New Approaches to High-Quality Clinical Practice Guidelines

Dec 18, 2012

An interview with Clinical Practice Guidelines Methodology Subcommittee Chair Gary H. Lyman, MD, MPH


ASCO's clinical practice guidelines provide recommendations on challenging clinical scenarios and offer tools for decision-making. Gary H. Lyman, MD, MPH, of Duke University, who serves as Chair of the Clinical Practice Guidelines Methodology Subcommittee, discusses the ways in which ASCO is working to broaden its portfolio of guidelines while ensuring that the recommendations meet high standards of reliability.

AC: How does an ASCO guideline come together?

Dr. Lyman: ASCO follows a very rigorous process. A thorough review of the literature on that topic is done, and the evidence is assimilated and summarized. This summary is put before an expert panel that reviews the totality of evidence and makes recommendations. ASCO guidelines are highly regarded and appreciated for the strong scientific basis of their recommendations, both in the United States and internationally.

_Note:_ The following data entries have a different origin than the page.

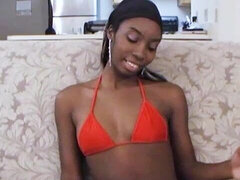 Любители, Брюнетки, Пальцем, Мастурбация, Тощие, Стриптизерша, Молоденькие, Сиськи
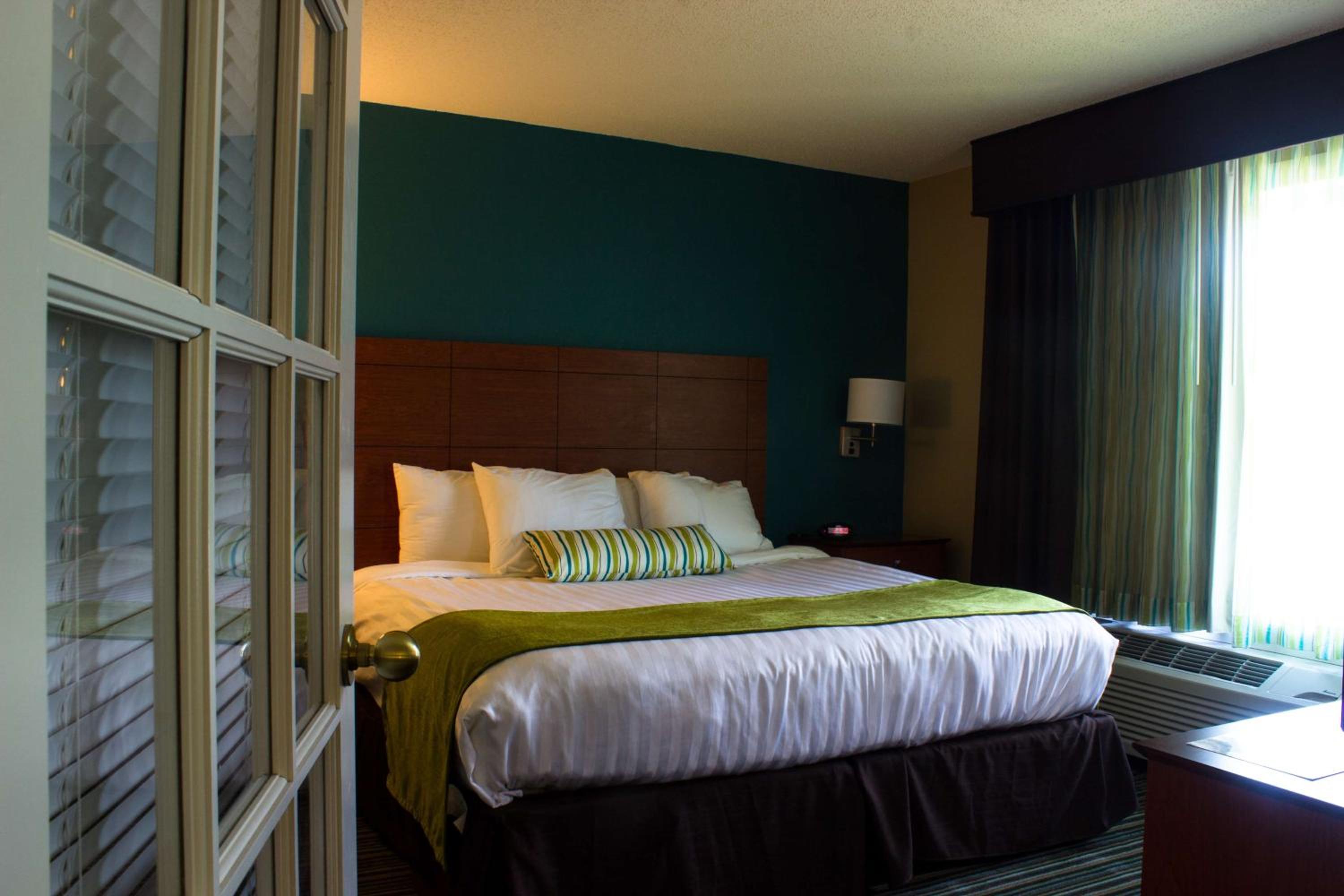 King Suite with Sofa Bed and Bath Tub - Disability Access/Non-Smoking photo 1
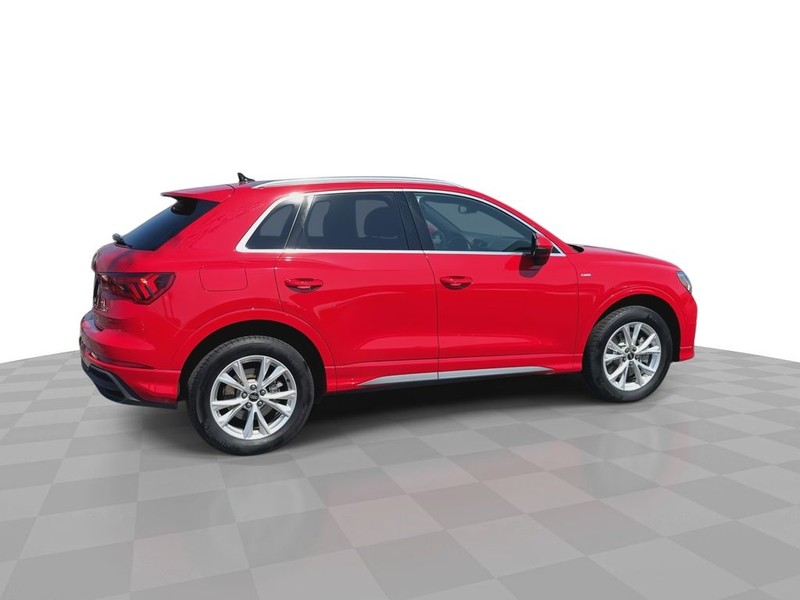 Audi Q3 Vehicle Full-screen Gallery Image 10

While this evidence-based approach is the gold standard, it has its challenges, the biggest being that the process is very labor- and time-intensive. Most ASCO guidelines take at least a year to develop, so we aren't able to address every question that could come up in the practice of clinical oncology. A consensus-based approach, which is used by other organizations, can address questions and provide updates faster, but does not have the same scientific rigor as the evidence-based approach.

Many of us have the view that these approaches are complementary, not competitive. The consensus-based guidelines can cover a lot of issues and can be updated frequently. Evidence-based guidelines, ASCO's niche, can address particularly challenging questions where there may be a lot of uncertainty or widespread variation in practice.

AC: How will ASCO guidelines fit into CancerLinQTM?

Dr. Lyman: We're developing strategies to adapt our guidelines process to the needs of the rapid-learning approach. Guidelines in CancerLinQ must reflect real-time, up-to-date recommendations, and they must be in a form that can quickly and easily be used by a clinician at the point of care. We're trying to develop recommendations that stem from the guidelines but are fluid and easily adapted into an electronic system like CancerLinQ.

AC: How is ASCO working to stay nimble and create or update guidelines in a timely way?

Dr. Lyman: We offer Provisional Clinical Opinions for important issues when we want to get information out to the membership quickly; the opinion is "provisional" because the conclusions might change if and when that issue is addressed in a rigorous evidence-based guideline.

We're interested in doing more expedited endorsements, which help us avoid duplicating efforts with other organizations. This involves finding a guideline created by another organization, particularly one that uses a rigorous process similar to ours, and putting it before a panel of ASCO members for review. If the panel agrees that the recommendations are sound, we would have the opportunity to endorse the guideline. We've tested this in a few instances, but we'd like to develop more formal partnerships with other organizations around the world for the endorsement of high-quality guidelines.

Another approach is "modified consensus," which falls between a true evidence-based and a true consensus-based guideline, using what's called the modified Delphi technique. This minimizes the risk of bias creeping into the recommendations and prevents the loudest (or most prestigious or most senior) voice in the room from having the most say.

ASCO's Clinical Practice Guidelines Committee is working hard to institute more streamlined approaches to developing systematic review-based guidelines.

 


Dr. Lyman is a Professor of Medicine and Director in Comparative Effectiveness and Outcomes Research Program at Duke University School of Medicine and the Duke Cancer Institute and a Senior Fellow at Duke Center for Clinical Health Policy Research. He serves on the ASCO Board of Directors and has been a Fellow of ASCO since 2010.